Es ist nicht das erste Mal in der Geschichte der EU, dass nationale Interessen der unterschiedlichsten Art die nötige Solidarität der Gemeinschaft sprengen. Großbritannien, Frankreich und auch Deutschland sind in der Vergangenheit mit gutem Beispiel vorangegangen.

Das Quartett der "Bösen" in Europa

Jetzt sind es vier Neu-Europäer, die sich quer stellen. An der Spitze der ungarische Ministerpräsident Viktor Orban, in dessen Interesse die Quote eigentlich liegen müsste - wird Ungarn nach dem starken Flüchtlings-Zuzug in den vergangenen Monaten doch von der Gemeinschaft entlastet. Polen und die baltischen Staaten hatten als erste lange und laut gegen eine Übernahmequote gewettert. Kurz vor Torschluss vollzogen sie jedoch eine pragmatische Kehrtwende und zählen plötzlich zu den "Guten" in Europa.

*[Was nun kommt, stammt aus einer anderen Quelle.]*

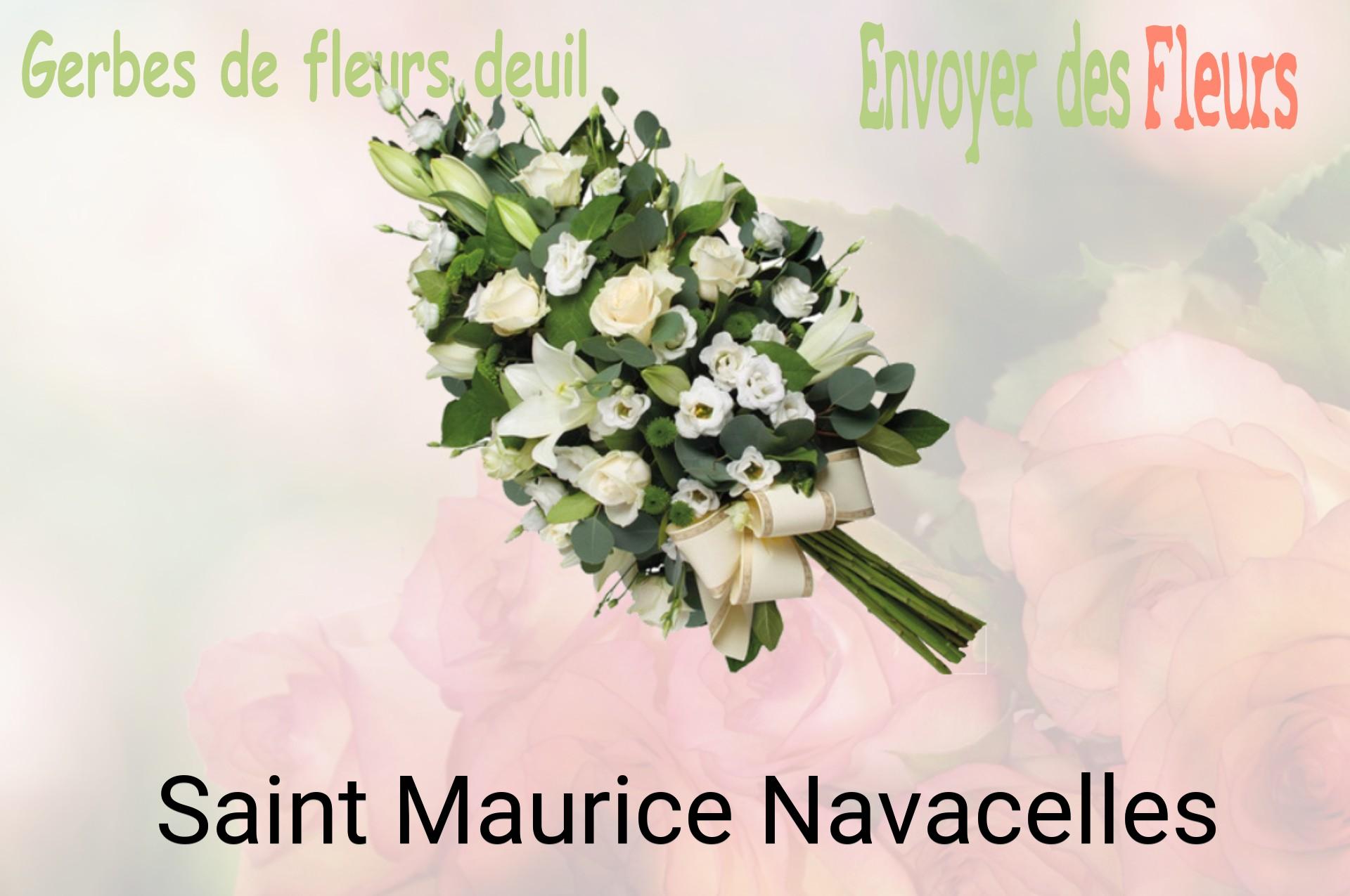 Gerbe de fleurs de deuil livrée à Saint-Maurice-Navacelles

Zum Quartett der "Bösen", die gegen die Quote gestimmt haben, gehören - neben Ungarn - noch Rumänien, die Slowakei und Tschechien. Der rumänische Präsident Klaus Iohannis hat damit eine große Chance vertan, sich als überzeugter Europäer zu profilieren. Er zog es stattdessen vor, wegen eines zerbrechlichen Hausfriedens in Bukarest das kleinliche Spiel autochthoner Nationalisten nach Brüssel zu tragen. Der slowakische Ministerpräsident Robert Fico kündigte gar eine Klage gegen den Beschluss vor dem Europäischen Gerichtshof an. Auch sein tschechischer Amtskollege Bohuslaw Sobotka stemmte sich gegen die Quotenregelung, will aber auf eine Klage verzichten. Anders als die Slowakei wollen Tschechien und Rumänien den Beschluss letztendlich aber umsetzen.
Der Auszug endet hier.